• **Directions**: Exact transcription with no images: write out all of the entries below.

+++

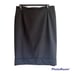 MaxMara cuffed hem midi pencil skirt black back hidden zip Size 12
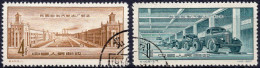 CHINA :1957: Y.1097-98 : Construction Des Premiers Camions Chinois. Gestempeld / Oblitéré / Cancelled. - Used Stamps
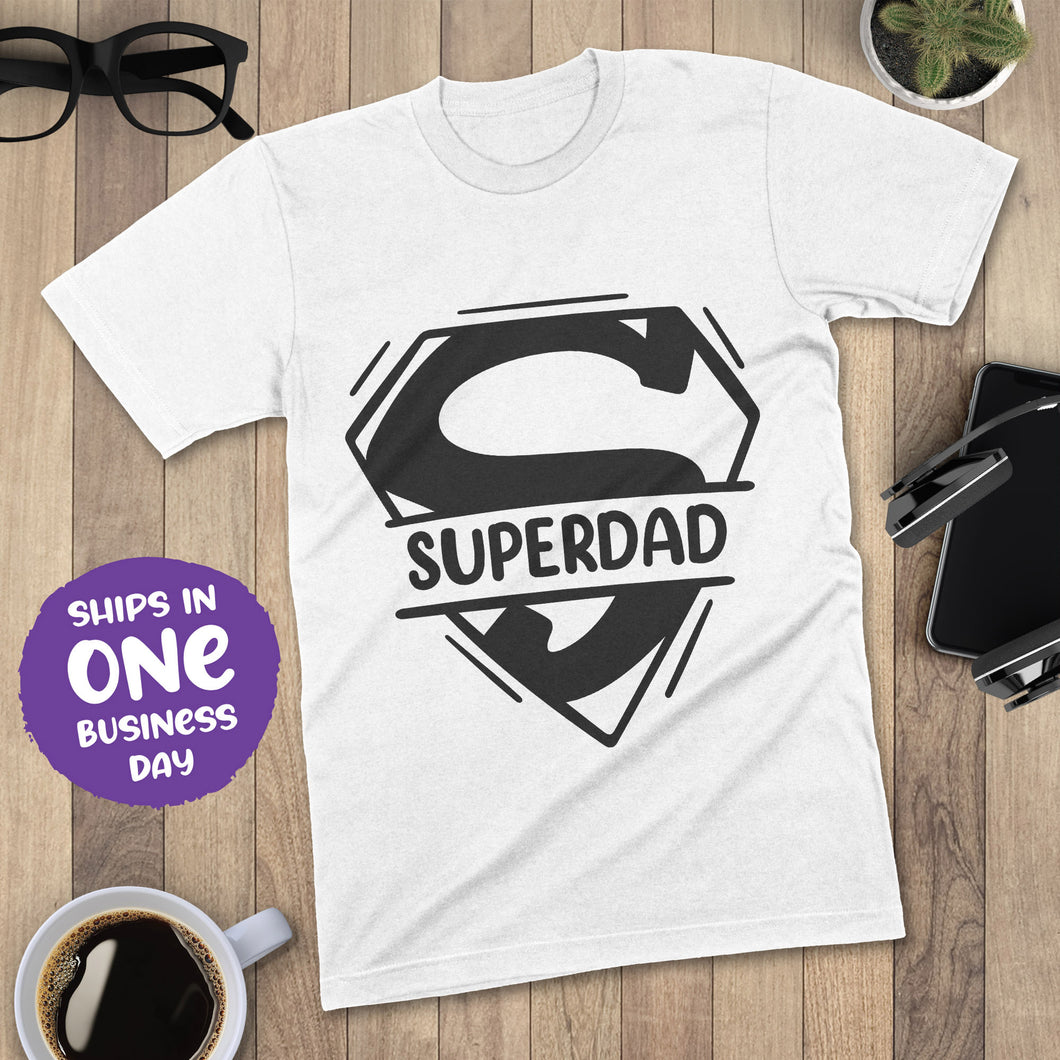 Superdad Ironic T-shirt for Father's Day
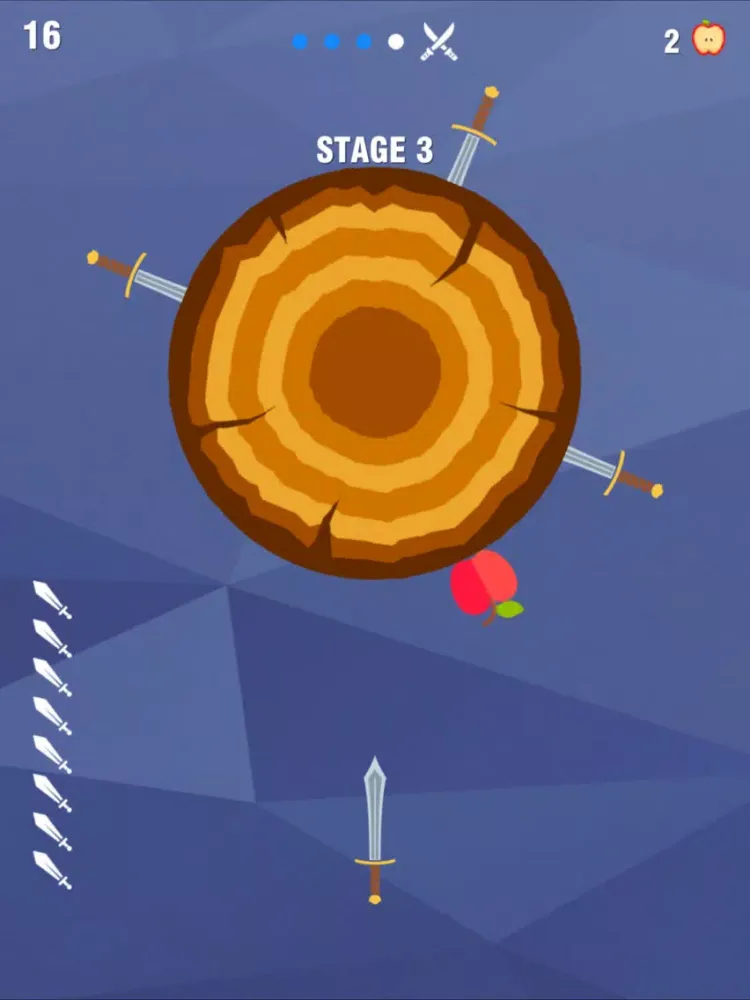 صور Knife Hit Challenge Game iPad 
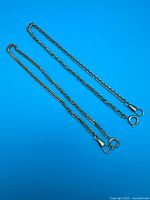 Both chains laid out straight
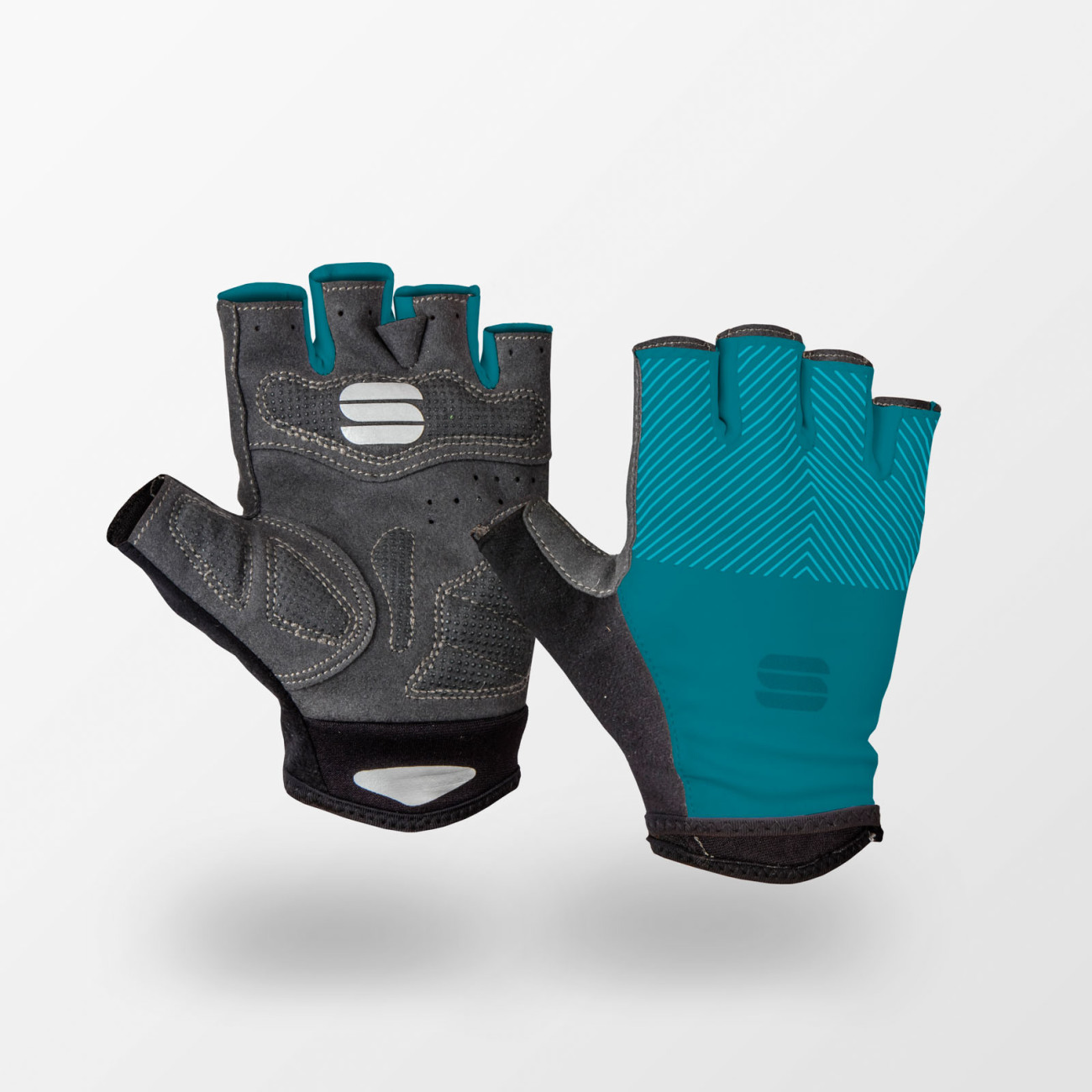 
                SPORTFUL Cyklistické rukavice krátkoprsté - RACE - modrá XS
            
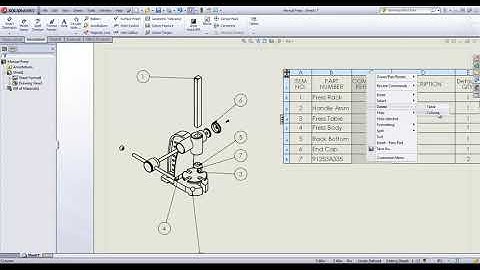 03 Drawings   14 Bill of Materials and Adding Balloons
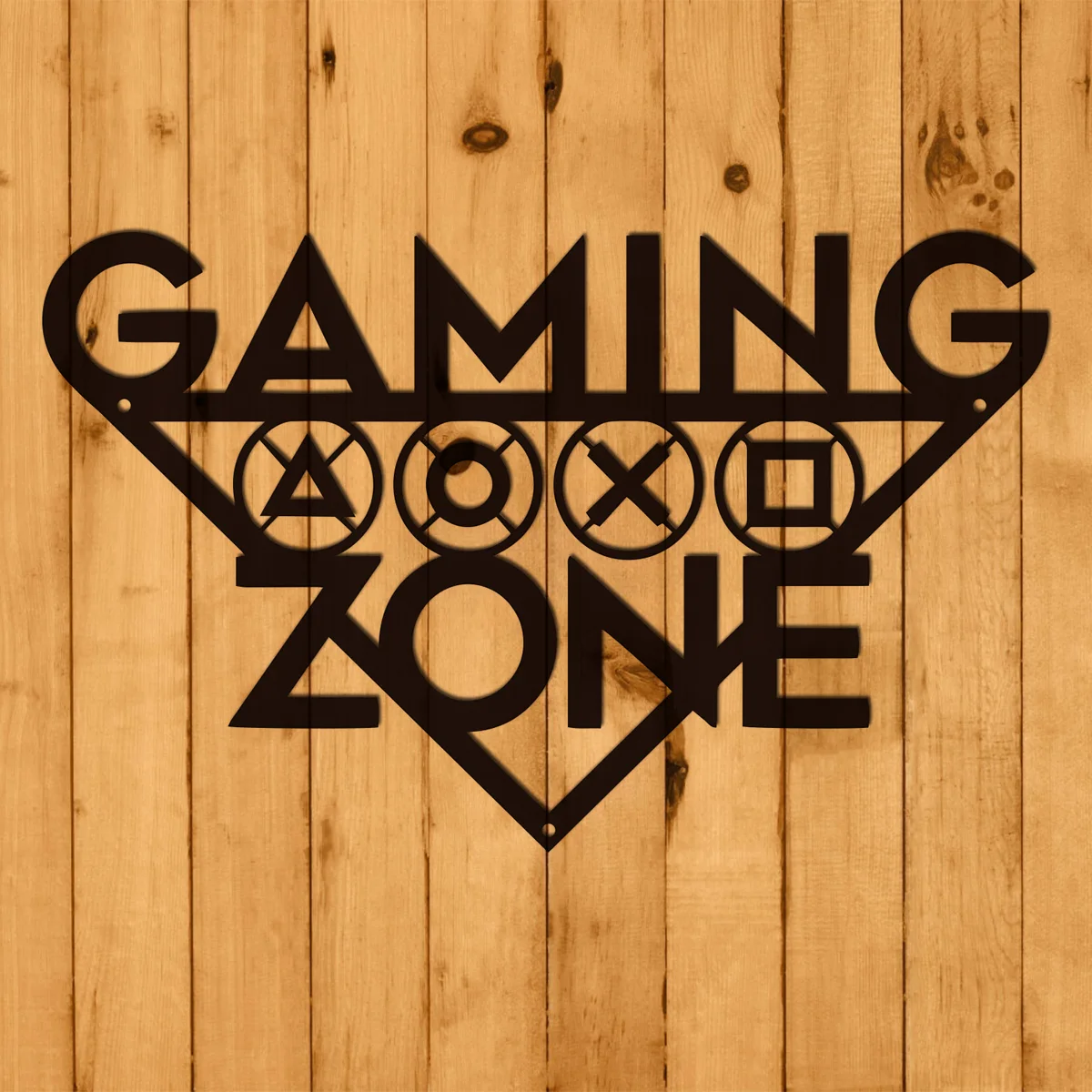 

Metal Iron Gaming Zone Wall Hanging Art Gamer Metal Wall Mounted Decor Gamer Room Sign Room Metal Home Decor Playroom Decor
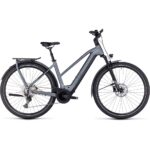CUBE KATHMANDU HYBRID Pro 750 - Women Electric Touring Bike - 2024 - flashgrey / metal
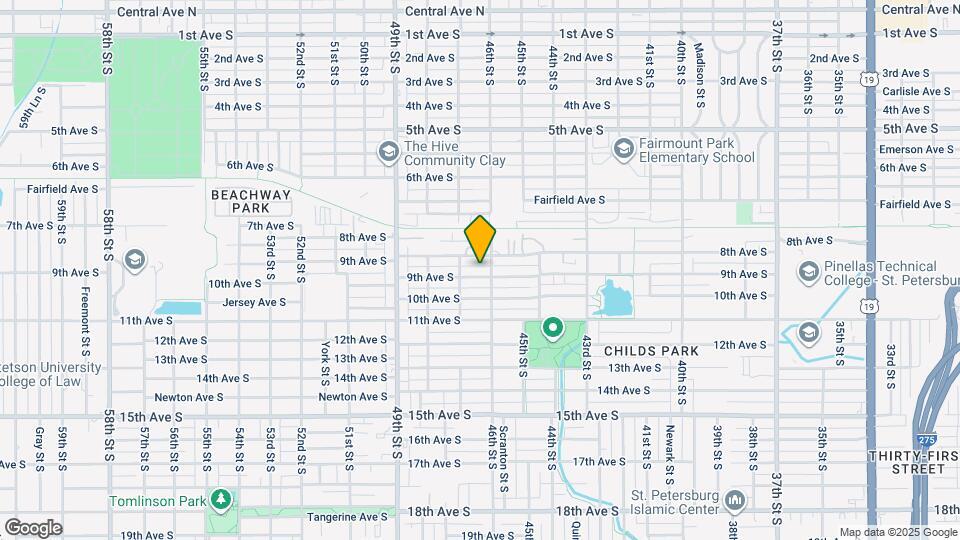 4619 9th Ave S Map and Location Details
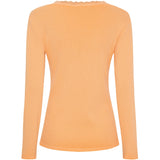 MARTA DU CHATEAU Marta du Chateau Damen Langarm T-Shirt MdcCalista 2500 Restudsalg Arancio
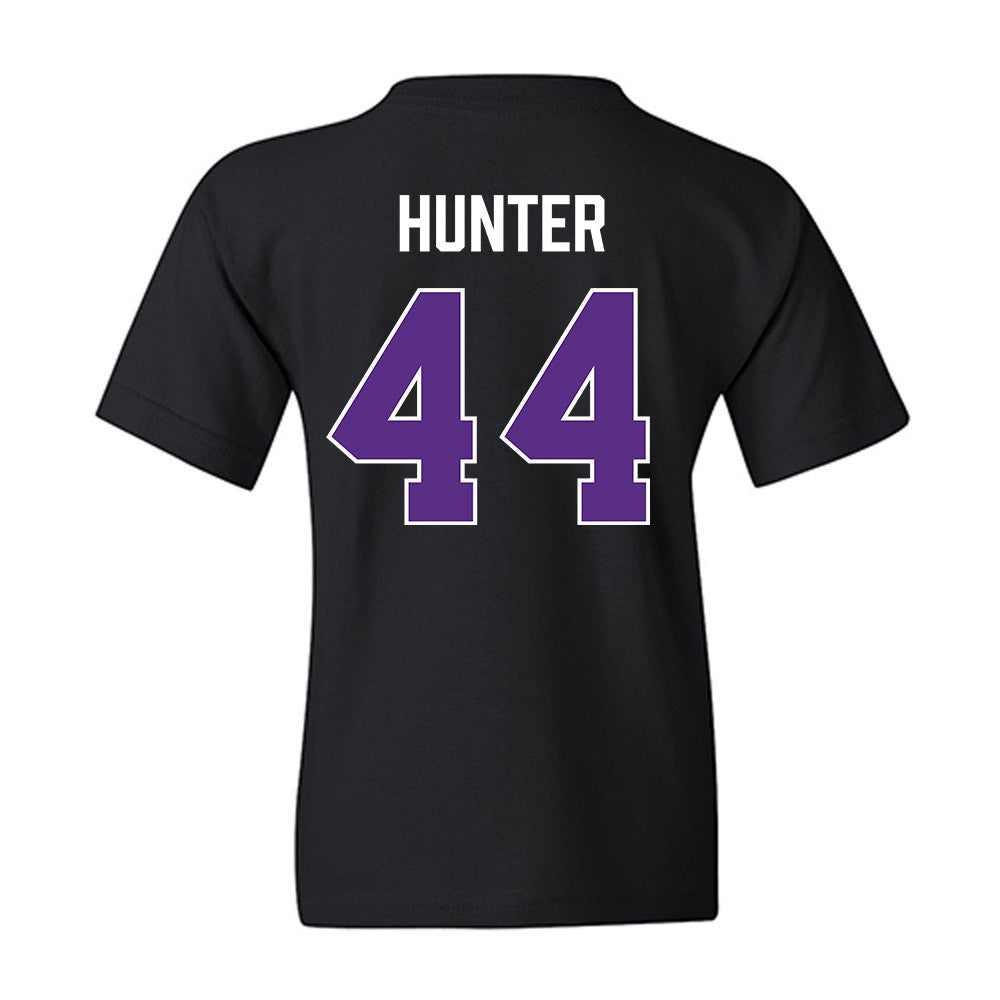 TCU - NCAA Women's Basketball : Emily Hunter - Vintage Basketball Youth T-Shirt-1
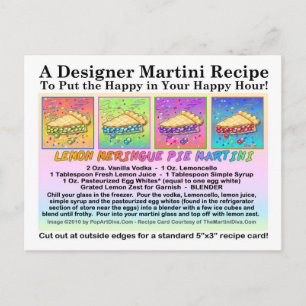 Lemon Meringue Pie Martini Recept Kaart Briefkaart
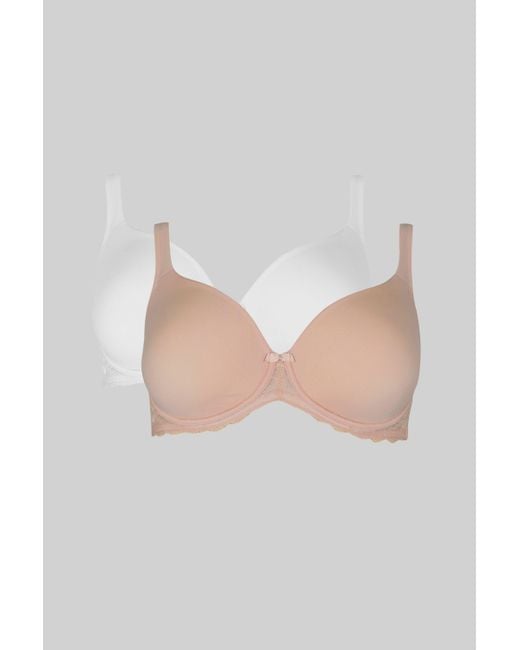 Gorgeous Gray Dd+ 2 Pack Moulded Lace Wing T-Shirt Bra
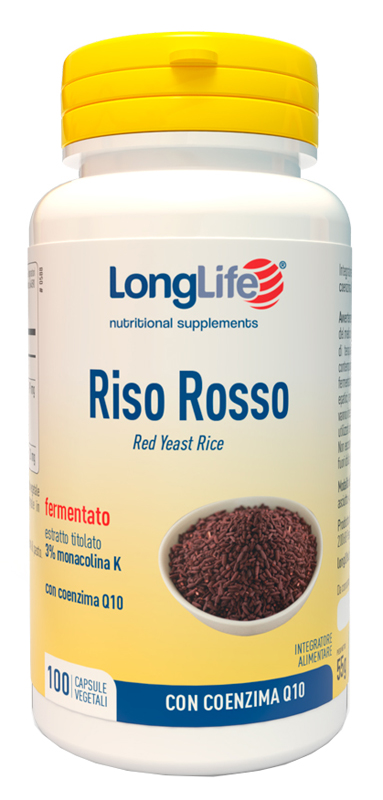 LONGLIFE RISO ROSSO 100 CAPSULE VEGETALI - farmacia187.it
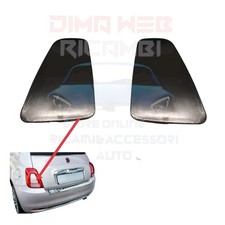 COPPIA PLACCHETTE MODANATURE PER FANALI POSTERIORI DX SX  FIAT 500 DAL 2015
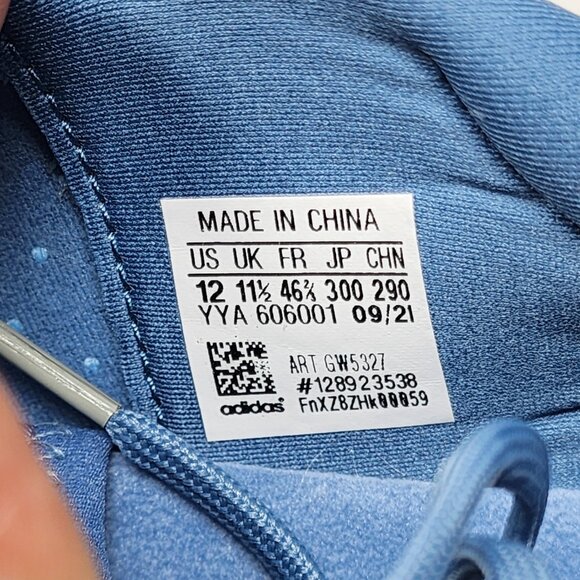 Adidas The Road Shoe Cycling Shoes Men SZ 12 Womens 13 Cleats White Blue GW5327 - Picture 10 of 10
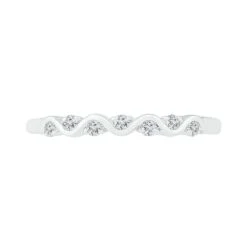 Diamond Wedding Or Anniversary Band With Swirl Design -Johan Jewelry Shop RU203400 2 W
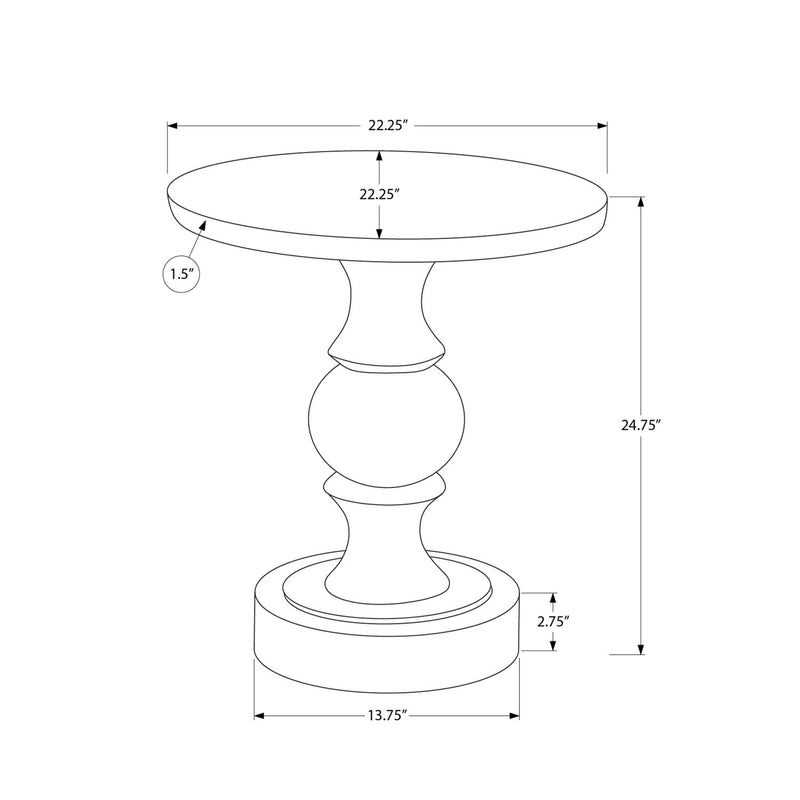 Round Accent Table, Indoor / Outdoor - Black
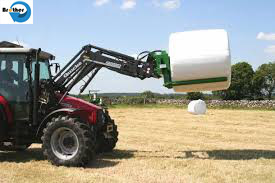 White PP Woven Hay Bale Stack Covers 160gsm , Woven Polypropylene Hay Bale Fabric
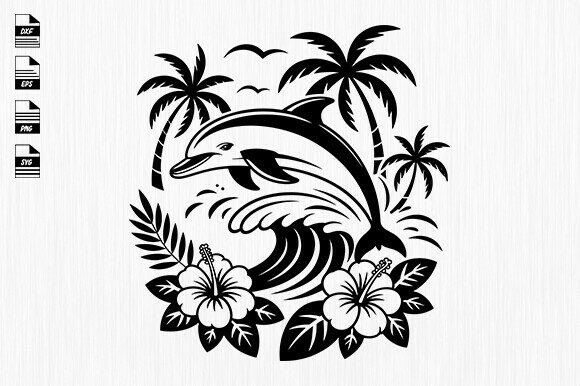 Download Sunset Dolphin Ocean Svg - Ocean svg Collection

+++

• **Result**:
 MaxMara cuffed hem midi pencil skirt black back hidden zip Size 12
 CHINA :1957: Y.1097-98 : Construction Des Premiers Camions Chinois. Gestempeld / Oblitéré / Cancelled. - Used Stamps
 Superdad Ironic T-shirt for Father's Day
 صور Knife Hit Challenge Game iPad 
 Both chains laid out straight
                SPORTFUL Cyklistické rukavice krátkoprsté - RACE - modrá XS
            
 03 Drawings   14 Bill of Materials and Adding Balloons

Metal Iron Gaming Zone Wall Hanging Art Gamer Metal Wall Mounted Decor Gamer Room Sign Room Metal Home Decor Playroom Decor
CUBE KATHMANDU HYBRID Pro 750 - Women Electric Touring Bike - 2024 - flashgrey / metal
 4619 9th Ave S Map and Location Details
 MARTA DU CHATEAU Marta du Chateau Damen Langarm T-Shirt MdcCalista 2500 Restudsalg Arancio
 TCU - NCAA Women's Basketball : Emily Hunter - Vintage Basketball Youth T-Shirt-1
 Lemon Meringue Pie Martini Recept Kaart Briefkaart
 Gorgeous Gray Dd+ 2 Pack Moulded Lace Wing T-Shirt Bra
 LONGLIFE RISO ROSSO 100 CAPSULE VEGETALI - farmacia187.it
 COPPIA PLACCHETTE MODANATURE PER FANALI POSTERIORI DX SX  FIAT 500 DAL 2015
 Adidas The Road Shoe Cycling Shoes Men SZ 12 Womens 13 Cleats White Blue GW5327 - Picture 10 of 10
 Diamond Wedding Or Anniversary Band With Swirl Design -Johan Jewelry Shop RU203400 2 W
 Round Accent Table, Indoor / Outdoor - Black
 White PP Woven Hay Bale Stack Covers 160gsm , Woven Polypropylene Hay Bale Fabric
 Download Sunset Dolphin Ocean Svg - Ocean svg Collection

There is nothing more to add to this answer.